I'm receiving machine which happens to include a pod adapter for Bella Barista's BellaPronto Capsules. I was wondering if anyone has had any experience with these?

How do they stack up to other commercial capsules? If they produce a serviceable coffee they could be useful when time is short.

Cheers


----------



## hotmetal (Oct 31, 2013)

When you say adaptor, do you mean like an alternative basket or a conversion kit? Some machines can swap easily between the two I believe, whereas others require replacing half the group if I understand correctly.


----------



## 4085 (Nov 23, 2012)

BB have their own system, which is just a pf handle with an adapter in. They sell their own capsules but are shortly changing suppliers for these so expect the quality to go up. They also do a. 7gm capsule a s opposed to the usual 5


----------



## ahirsty (Jan 9, 2014)

The adapter fits into a bottomless portafilter I believe.


----------



## DavidBondy (Aug 17, 2010)

ahirsty said:


> I'm receiving machine which happens to include a pod adapter for Bella Barista's BellaPronto Capsules. I was wondering if anyone has had any experience with these?
> 
> How do they stack up to other commercial capsules? If they produce a serviceable coffee they could be useful when time is short.
> 
> Cheers


I had the BB pod system when I had an ECM machine. It is ok but no more than ok.

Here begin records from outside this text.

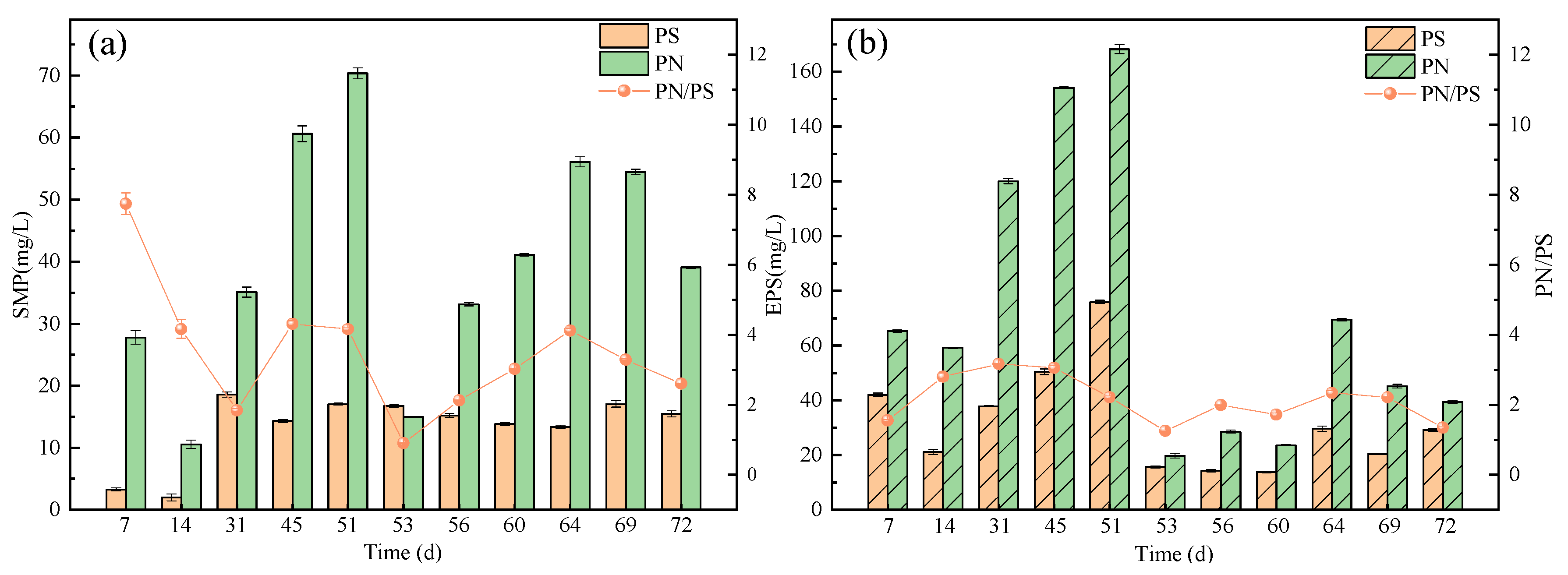 Sustainability 15 09239 g006 Sustainability 15 09239 g006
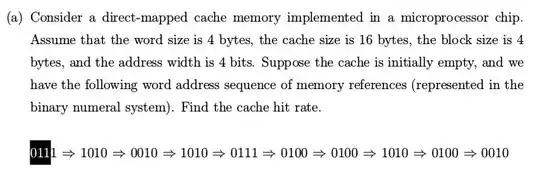 CMOS Switch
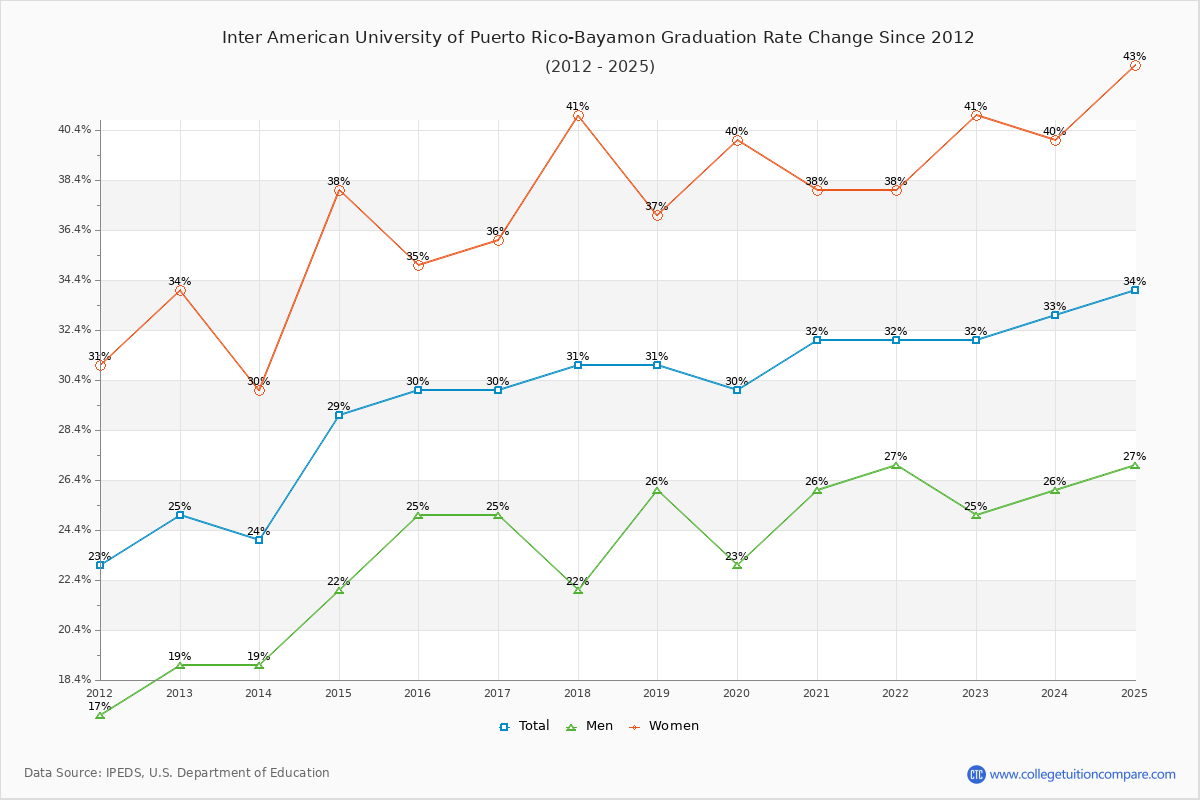 Inter American University of Puerto Rico-Bayamon Graduation Rate Changes Chart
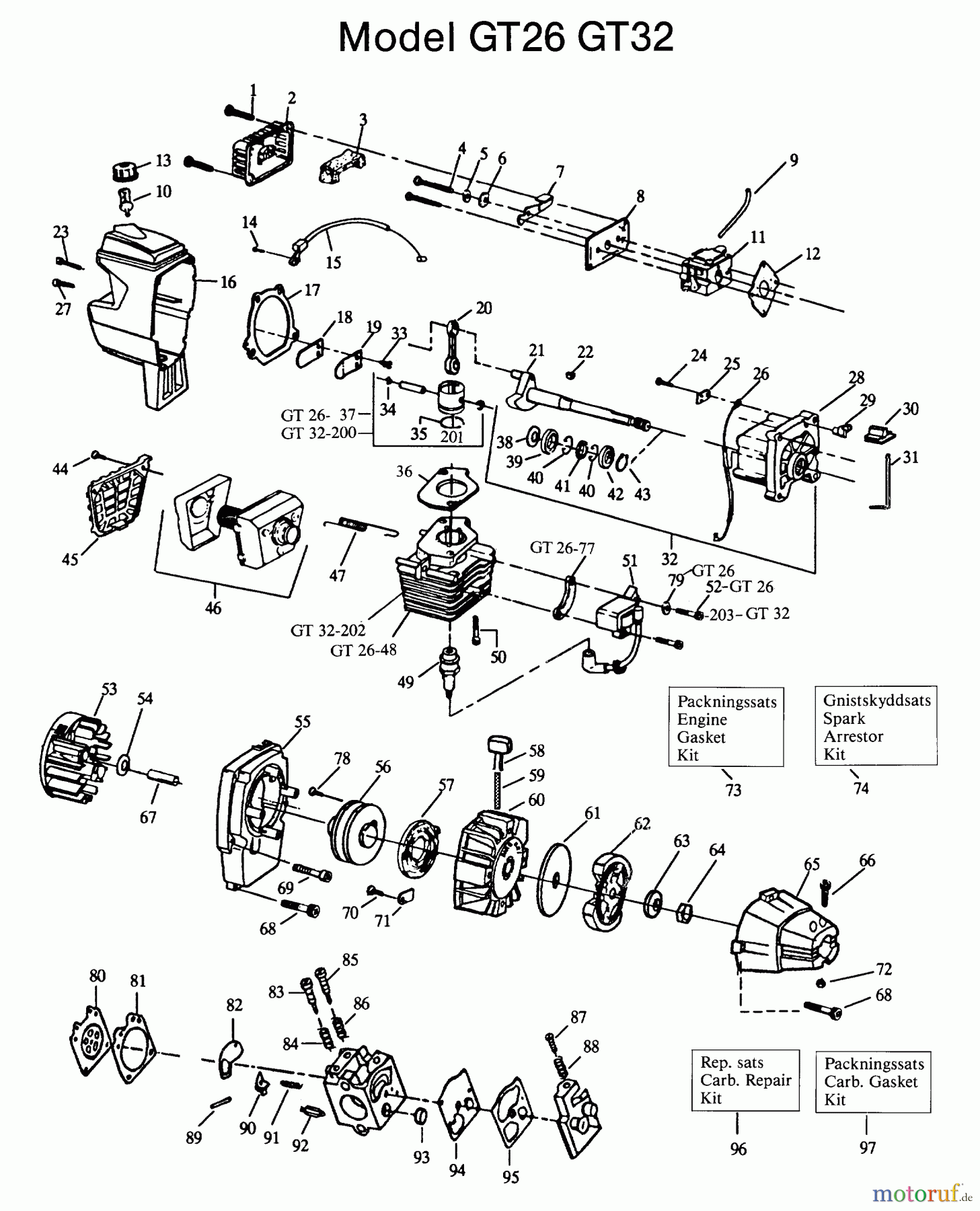 Jonsered Motorsensen, Trimmer GT32 - Jonsered String/Brush Trimmer (1992-03) ENGINE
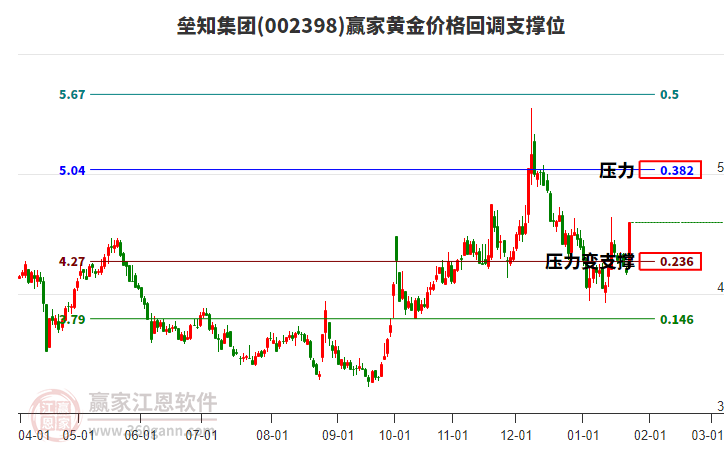002398壘知集團(tuán)黃金價(jià)格回調(diào)支撐位工具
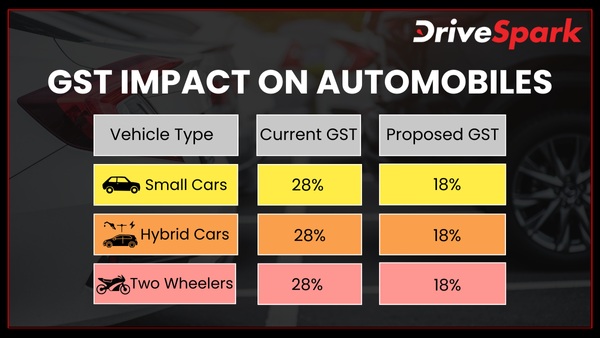 GST Council Meeting Cars And Two Wheelers Expected To Become Cheaper Details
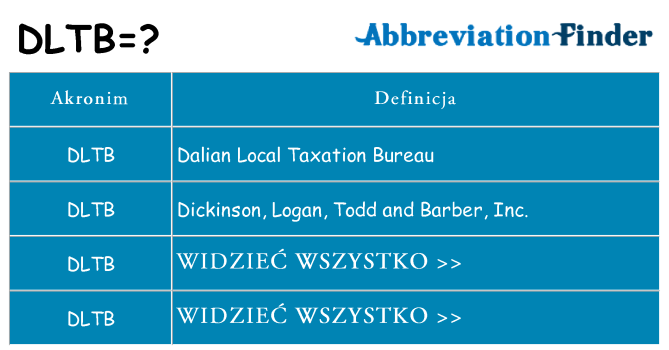 Co dltb oznaczać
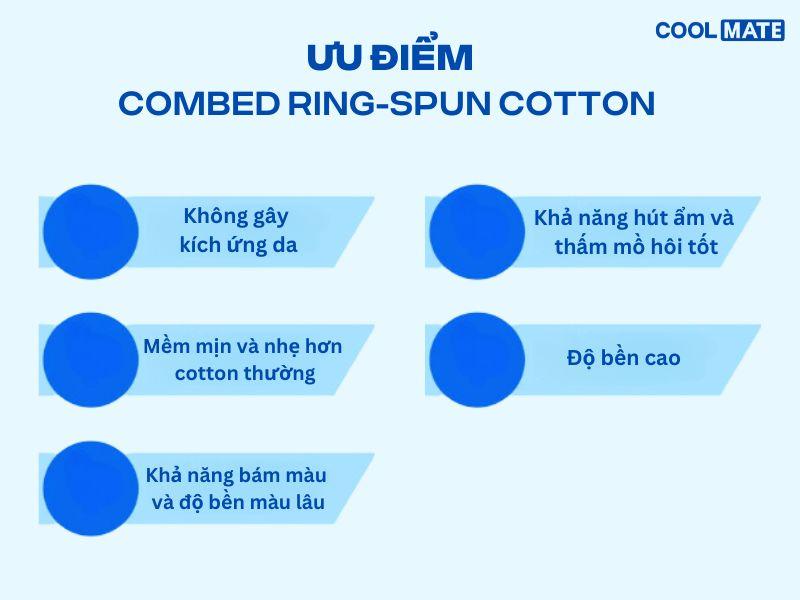 Ưu điểm của vải combed ring-spun cotton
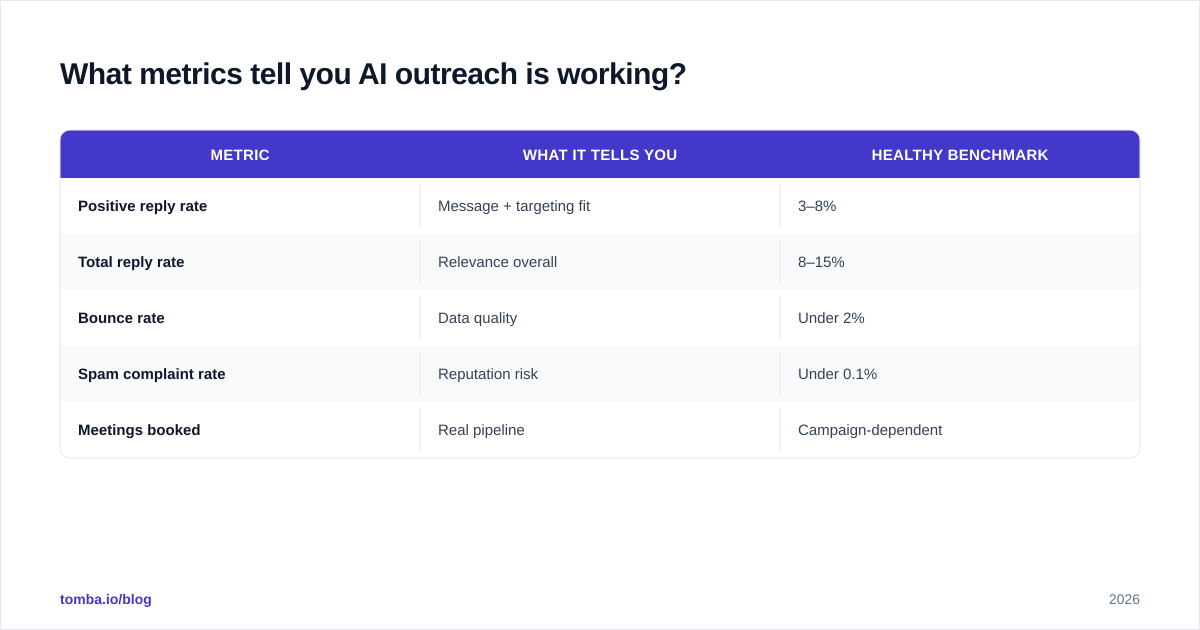 Diagram: What metrics tell you AI outreach is working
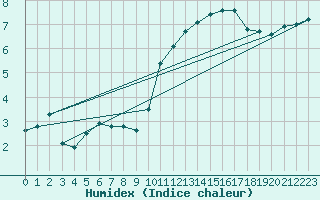 Courbe de l'humidex pour Thomery (77)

I used it quite often for decaf as the coffee was acceptable - not great but acceptable. The normal coffee was not to my taste.

Also, they had a problem, I believe with the pods themselves. They may have resolved it now but it was taking about 90sec to make a double. Claudette told me that they had a problem but I never pursued it.

Suffice to say, I gave the adapter and 100 pods away to the buyer of my ECM machine, I have never repurchased and have no plans to.

It is though, IMHO, a great idea!

David


----------